* Exercise requirements: Would you write out the entries again, exactly as they are, but without images?

* Data to use:
========================================

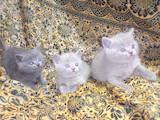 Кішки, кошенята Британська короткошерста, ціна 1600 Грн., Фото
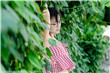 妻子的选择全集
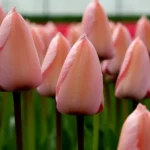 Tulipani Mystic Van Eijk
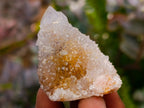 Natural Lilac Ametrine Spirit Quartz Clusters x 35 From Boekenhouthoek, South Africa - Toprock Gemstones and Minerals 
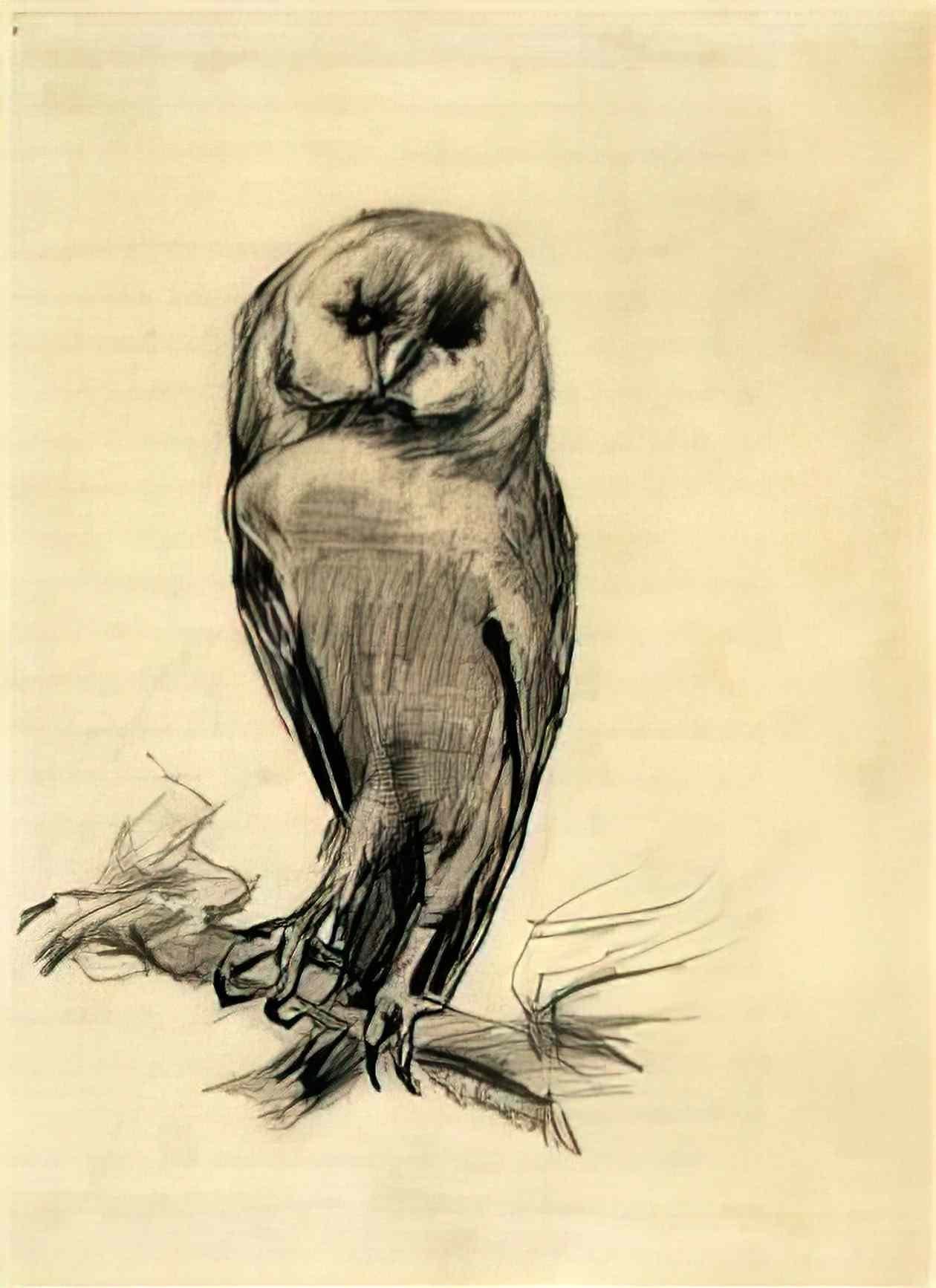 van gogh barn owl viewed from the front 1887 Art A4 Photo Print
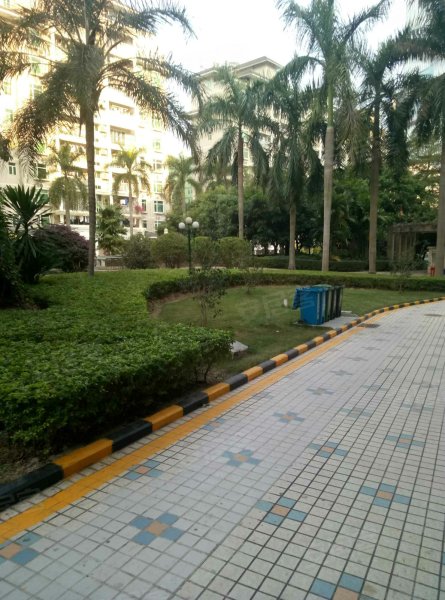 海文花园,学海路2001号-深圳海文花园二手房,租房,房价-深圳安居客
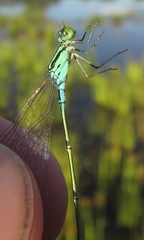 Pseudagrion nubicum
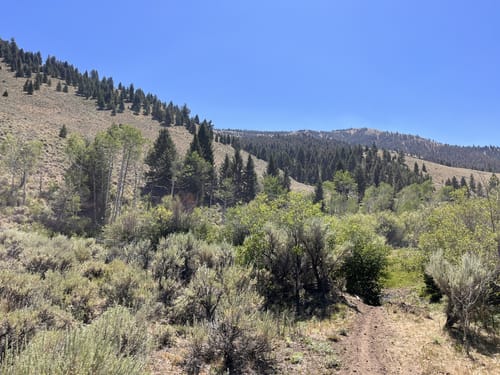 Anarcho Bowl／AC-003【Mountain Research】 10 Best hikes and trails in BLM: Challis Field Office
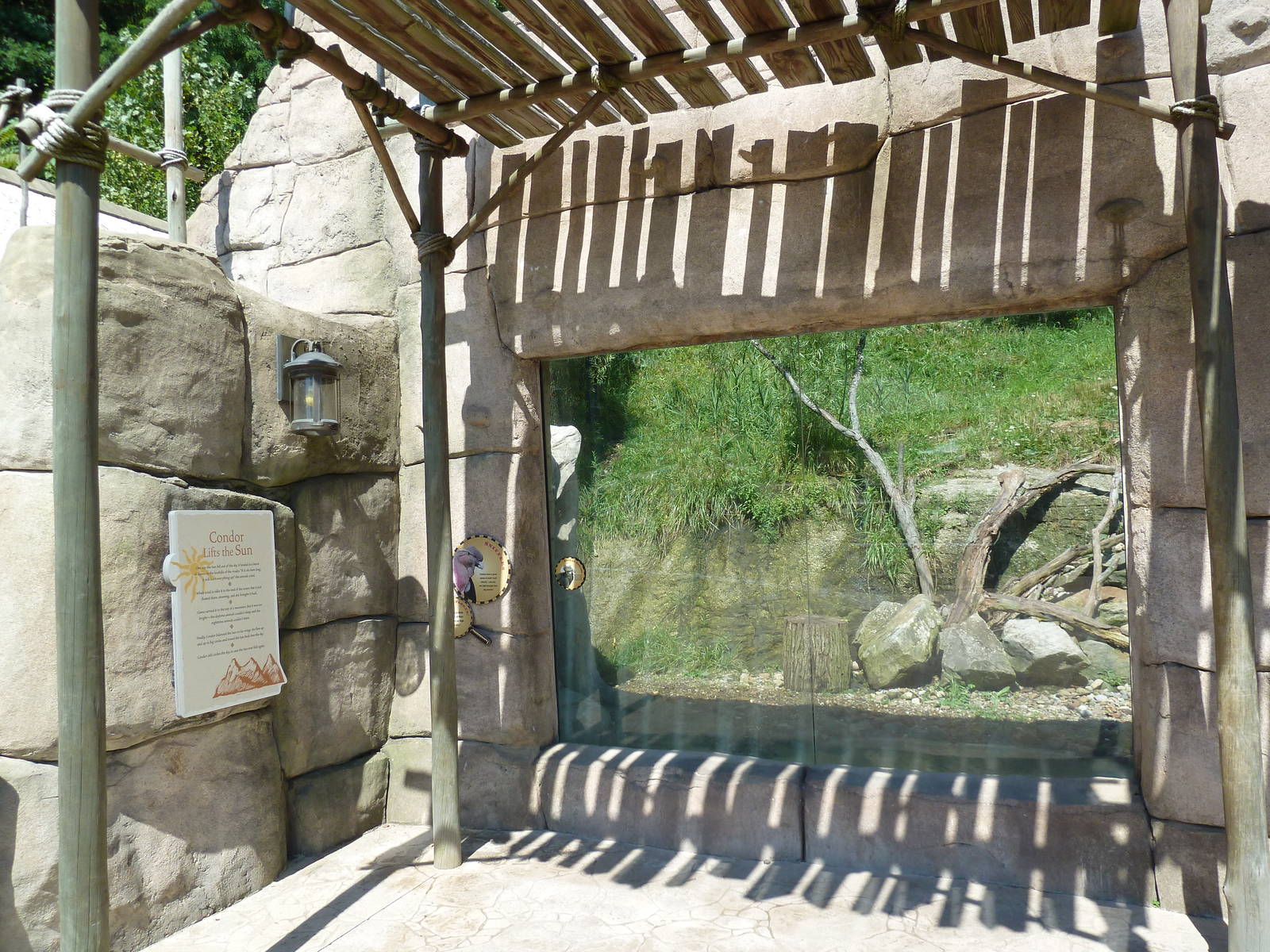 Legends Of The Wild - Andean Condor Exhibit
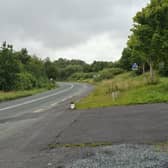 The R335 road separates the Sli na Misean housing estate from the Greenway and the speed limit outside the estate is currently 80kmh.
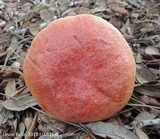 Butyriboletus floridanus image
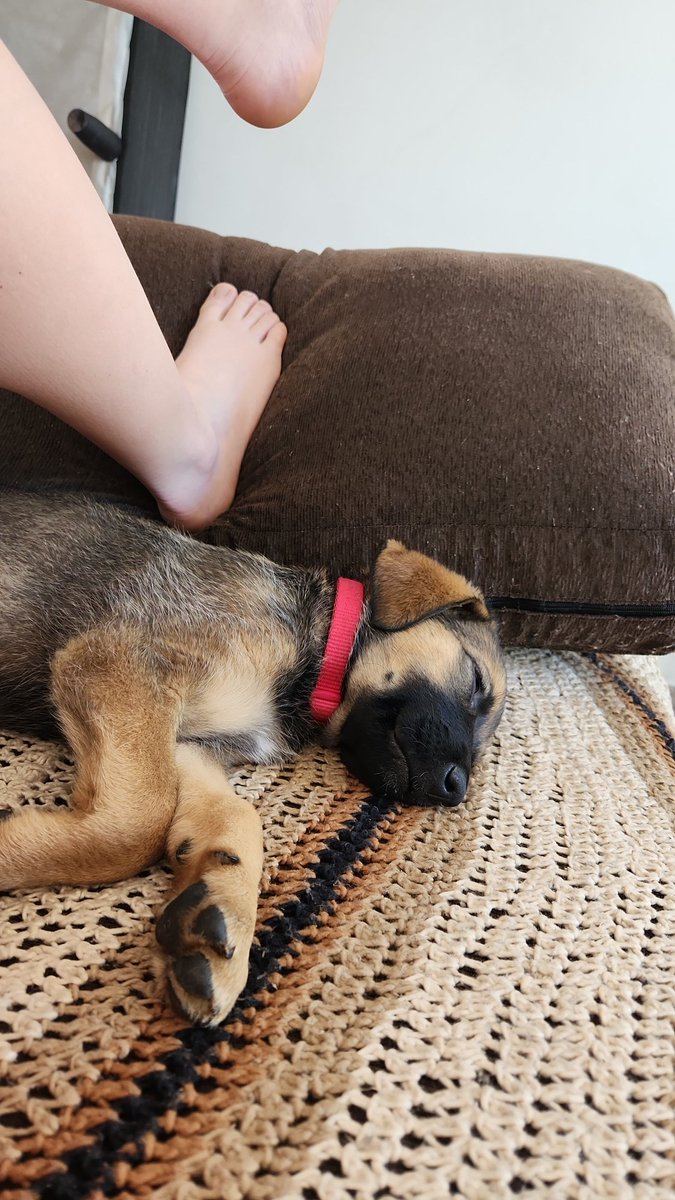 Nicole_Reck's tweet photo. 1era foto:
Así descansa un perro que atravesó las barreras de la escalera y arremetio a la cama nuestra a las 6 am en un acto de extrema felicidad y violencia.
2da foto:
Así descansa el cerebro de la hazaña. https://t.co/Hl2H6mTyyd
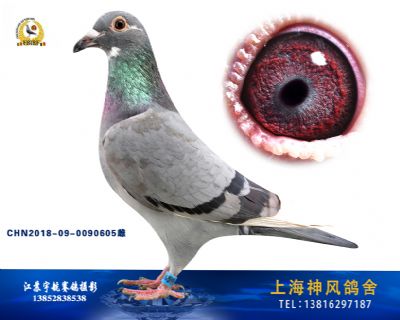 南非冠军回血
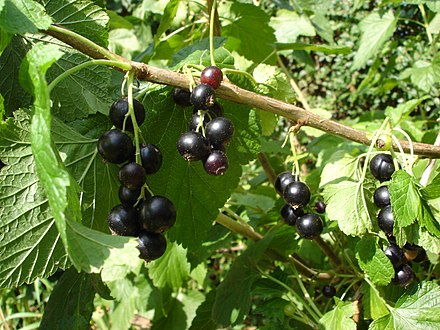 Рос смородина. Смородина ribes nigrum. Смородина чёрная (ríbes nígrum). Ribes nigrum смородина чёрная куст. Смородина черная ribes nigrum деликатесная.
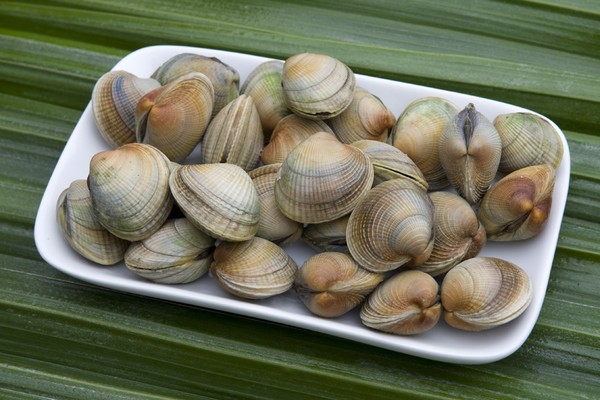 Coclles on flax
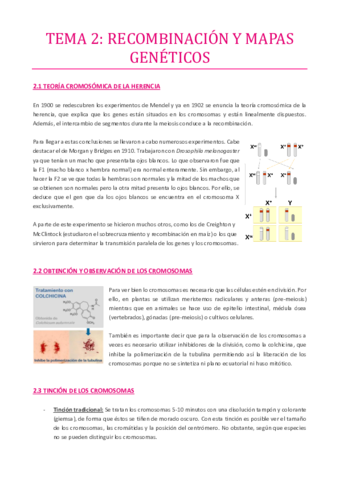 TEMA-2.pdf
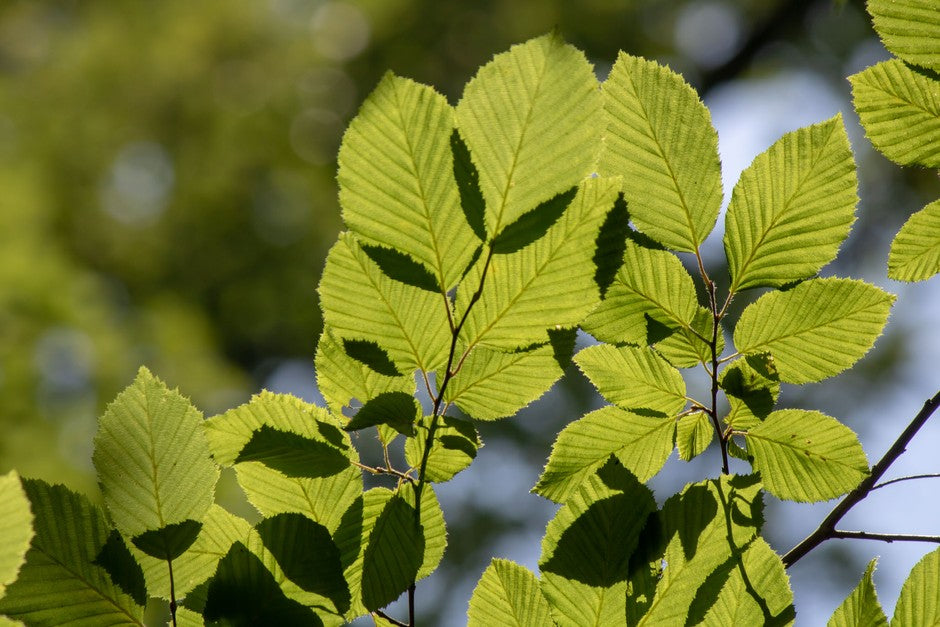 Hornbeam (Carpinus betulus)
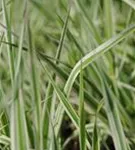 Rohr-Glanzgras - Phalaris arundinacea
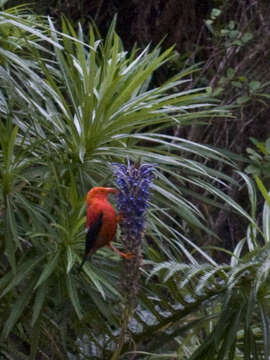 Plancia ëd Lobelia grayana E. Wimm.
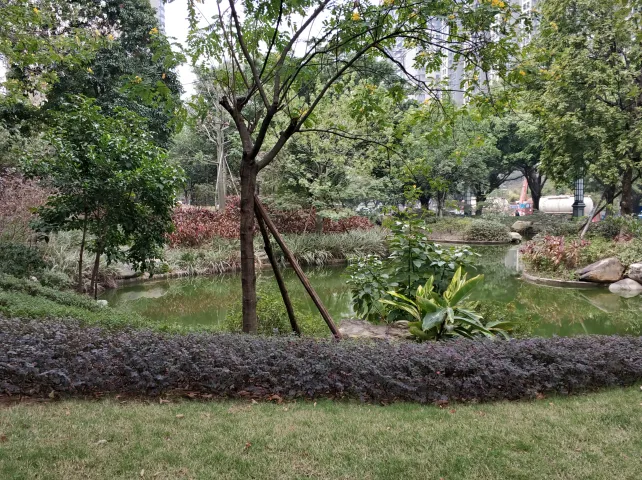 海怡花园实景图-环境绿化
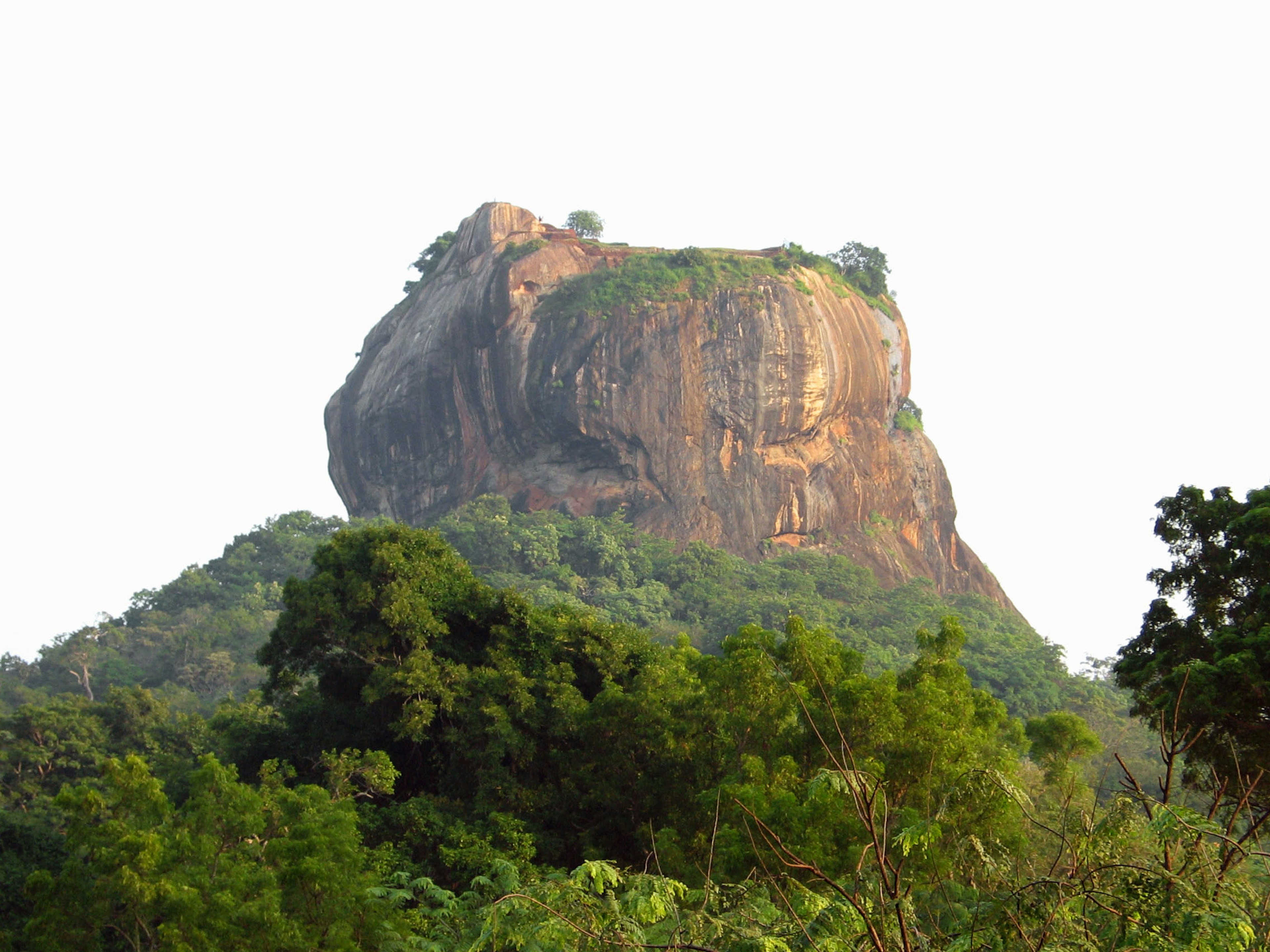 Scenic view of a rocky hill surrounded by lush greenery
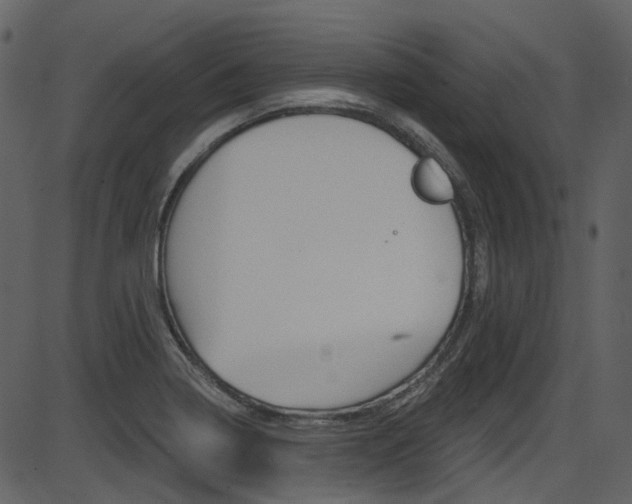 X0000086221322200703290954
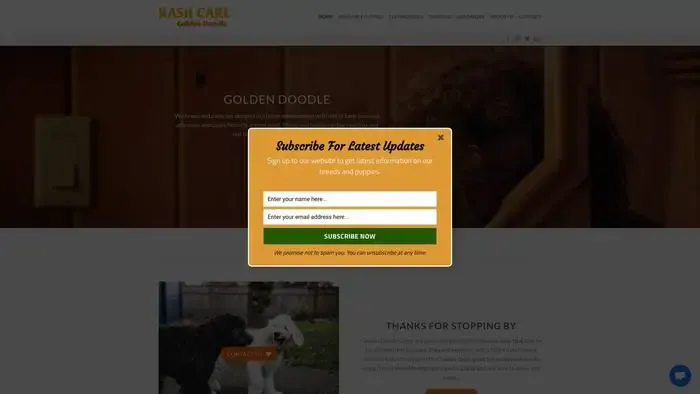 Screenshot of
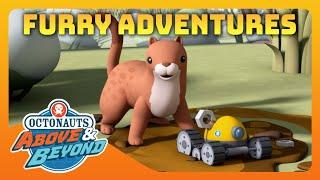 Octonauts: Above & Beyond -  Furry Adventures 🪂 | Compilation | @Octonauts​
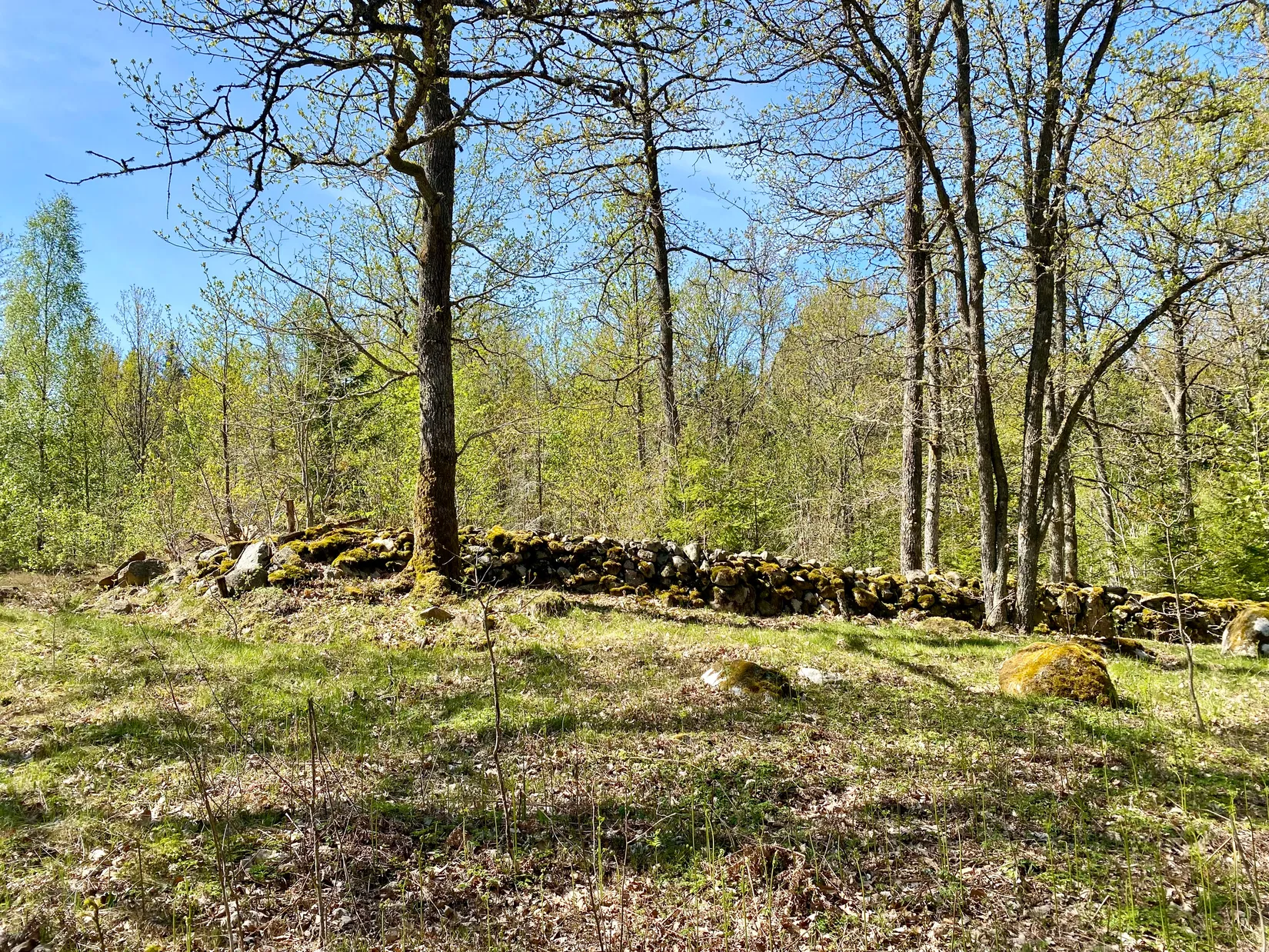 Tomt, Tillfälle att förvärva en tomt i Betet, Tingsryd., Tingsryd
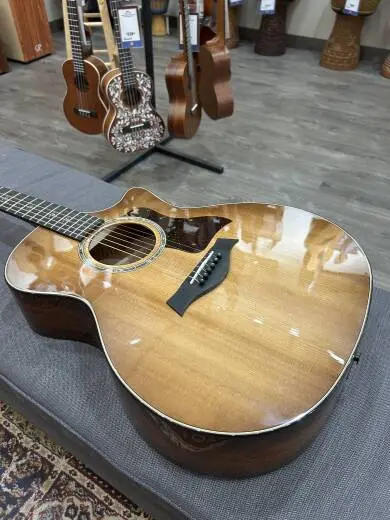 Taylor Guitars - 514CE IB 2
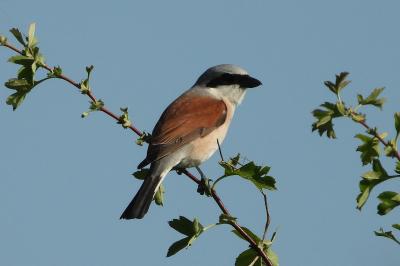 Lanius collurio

========================================

* Response area:
 Кішки, кошенята Британська короткошерста, ціна 1600 Грн., Фото
 妻子的选择全集
 Tulipani Mystic Van Eijk
 Natural Lilac Ametrine Spirit Quartz Clusters x 35 From Boekenhouthoek, South Africa - Toprock Gemstones and Minerals 
 van gogh barn owl viewed from the front 1887 Art A4 Photo Print
 海文花园,学海路2001号-深圳海文花园二手房,租房,房价-深圳安居客
 Pseudagrion nubicum
 Anarcho Bowl／AC-003【Mountain Research】 10 Best hikes and trails in BLM: Challis Field Office
 Legends Of The Wild - Andean Condor Exhibit
 The R335 road separates the Sli na Misean housing estate from the Greenway and the speed limit outside the estate is currently 80kmh.
 Butyriboletus floridanus image
 Nicole_Reck's tweet photo. 1era foto:
Así descansa un perro que atravesó las barreras de la escalera y arremetio a la cama nuestra a las 6 am en un acto de extrema felicidad y violencia.
2da foto:
Así descansa el cerebro de la hazaña. https://t.co/Hl2H6mTyyd
 南非冠军回血
 Рос смородина. Смородина ribes nigrum. Смородина чёрная (ríbes nígrum). Ribes nigrum смородина чёрная куст. Смородина черная ribes nigrum деликатесная.
 Coclles on flax
 TEMA-2.pdf
 Hornbeam (Carpinus betulus)
 Rohr-Glanzgras - Phalaris arundinacea
 Plancia ëd Lobelia grayana E. Wimm.
 海怡花园实景图-环境绿化
 Scenic view of a rocky hill surrounded by lush greenery
 X0000086221322200703290954
 Screenshot of
 Octonauts: Above & Beyond -  Furry Adventures 🪂 | Compilation | @Octonauts​
 Tomt, Tillfälle att förvärva en tomt i Betet, Tingsryd., Tingsryd
 Taylor Guitars - 514CE IB 2
 Lanius collurio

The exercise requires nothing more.